O Volstead Act, que proibiu o álcool nos EUA durante quase 14 anos, entrou em vigor em 1920. Um século depois, é considerado uma prova de que proibir a bebida, quando ela já é popular, não é uma boa ideia. A proibição nos EUA deu origem ao crime organizado, quando gangues mafiosas enriqueceram com o contrabando de álcool. A aplicação da proibição foi débil porque não tinha apoio popular. Segundo uma estimativa, havia pelo menos 20 mil bares ilegais na cidade de Nova York durante o período em que a lei vigorou. Quando a polícia em Denver deu uma batida em um bar, ali encontrou parlamentares locais, o prefeito e o xerife bebendo.
Mas o veto ainda anda por aí e não só no mundo muçulmano. Nos EUA existem quase 500 condados predominantemente evangélicos, incluindo o de Lynchburg, no Tennessee, cidade natal do uísque Jack Daniels (os que visitam a destilaria podem levar para casa uma garrafa “comemorativa” da bebida).
Mesmo assim, em muitos lugares os governos apenas tentam dissuadir as pessoas de beber aplicando impostos mais altos para as bebidas alcoólicas e restringindo sua venda e publicidade. Essas medidas funcionam. Mas hoje o consumo de bebida alcoólica vem caindo por uma razão distinta: uma mudança nas normas sociais entre os jovens vem delineando um novo futuro para o álcool.
Tendência à abstinência
Em quase todos os países ocidentais, os jovens começam a beber mais tarde do que estavam habituados. A razão, em parte, é que eles se socializam muito mais online do que pessoalmente. Uma família estruturada também tem um papel nessa tendência. A julgar pelos padrões históricos, o fato de começar a beber mais tarde indica que os jovens de hoje serão uma geração que vai beber menos álcool.

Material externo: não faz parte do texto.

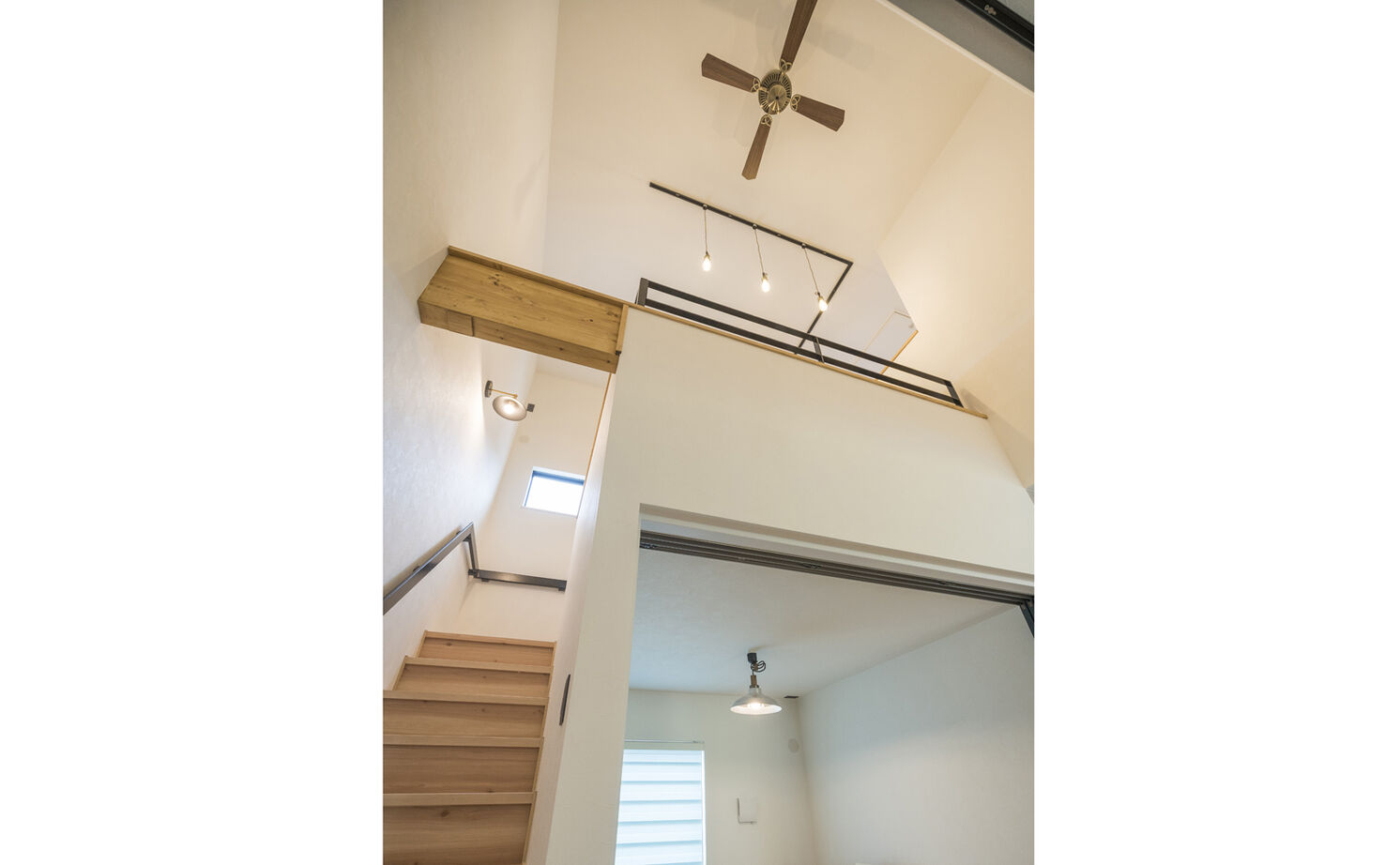 ink collaborate with niko and ...  【2000万円台前半／カフェ風／土間】開放的なLDK、中2階、小屋裏スペース…。理想を叶えるアイデア満載の家の建築実例画像9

Para eles, a moderação faz parte de um estilo de vida mais saudável e esta parece ser uma tendência dominante, não um mero capricho.

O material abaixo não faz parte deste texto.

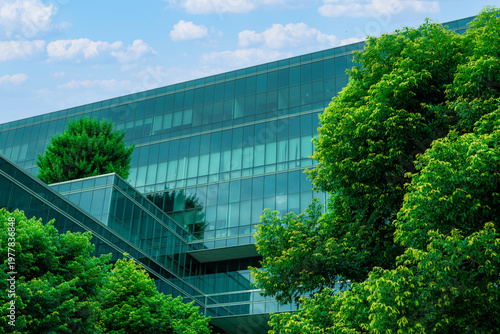 Fotografie Eco-friendly building in the modern city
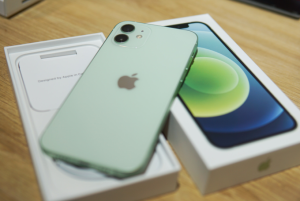 Apple sắp cập nhật iPhone 12 để giảm bức xạ
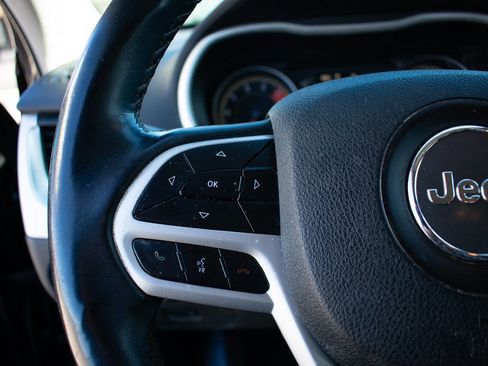 Used 2018 Jeep Cherokee Latitude Plus image 18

Os principais clientes do setor de bebidas alcoólicas atualmente são os adultos de meia idade e mais velhos. Em alguns países ricos, eles bebem mais do que as gerações anteriores na sua idade. O álcool é carcinogênico mesmo em pequenas quantidades, mas muitas pessoas não sabem. Assim, o uso de advertências como as colocadas nos maços de cigarros nos rótulos das garrafas vem sendo debatido pelos especialistas em saúde pública.
No momento, apenas a Coreia do Sul tem um alerta compulsório para câncer nas garrafas de bebidas. A Irlanda aprovou uma lei em 2018 para introduzir tais avisos, mas ainda não foi aplicada.
As grandes companhias de bebidas estão expandindo suas ofertas com baixo ou nenhum teor alcoólico, e isso se aplica a cerveja, vinho e licores. A inovação nesse campo hoje está florescendo. Quase 50% das marcas da Heineken, por exemplo, têm uma versão sem álcool. Em muitos países ocidentais essas alternativas ainda são novidade, mas as vendas vêm crescendo rapidamente. Na Alemanha e na Holanda, países que adotaram logo no início a prática, as cervejas sem álcool constituem 10% das vendas da bebida.
Ao mesmo tempo, a indústria do álcool vem seguindo na esteira do setor de tabaco e buscando novos clientes em outros lugares. Os dez mercados que mais crescem para as bebidas alcoólicas são todos de economias emergentes, especialmente na África e na Ásia (a China não está entre eles e as vendas de álcool no país vêm caindo).
Em uma ou duas gerações, beber, nos países ricos, vai parecer algo fora de moda. Até então, o álcool permanecerá um dos mais dispendiosos problemas de saúde pública e de produtividade. Estimativas oficiais indicam que o álcool tira entre 1,3% e 2,7% do PIB do Reino Unido. Nos países pobres, o dano por litro causado pelo álcool é maior – como também é maior entre os pobres do que entre os ricos nos países ocidentais.
Medidas do lado da oferta para reduzir o consumo do álcool, como impostos mais salgados, enfrentam uma batalha dura nos legislativos e nos tribunais em todo o mundo, porque os grupos contrários ao álcool não são páreo para as legiões de lobistas da indústria de bebidas. O que é quase uma reviravolta: a proibição nos EUA surgiu porque a Anti-Saloon League, que a promoveu, era um dos grupos de lobby mais poderosos dos EUA, respaldada por muitos dos homens mais ricos do país, incluindo John Rockefeller, Henry Ford e Andrew Carnegie.
Hoje restringir o álcool é uma causa problemática para filantropos apoiarem porque a bebida está enraizada na vida social dos ricos. Mas seus filhos e netos poderão se mostrar mais entusiasmados com um mundo com muito menos álcool.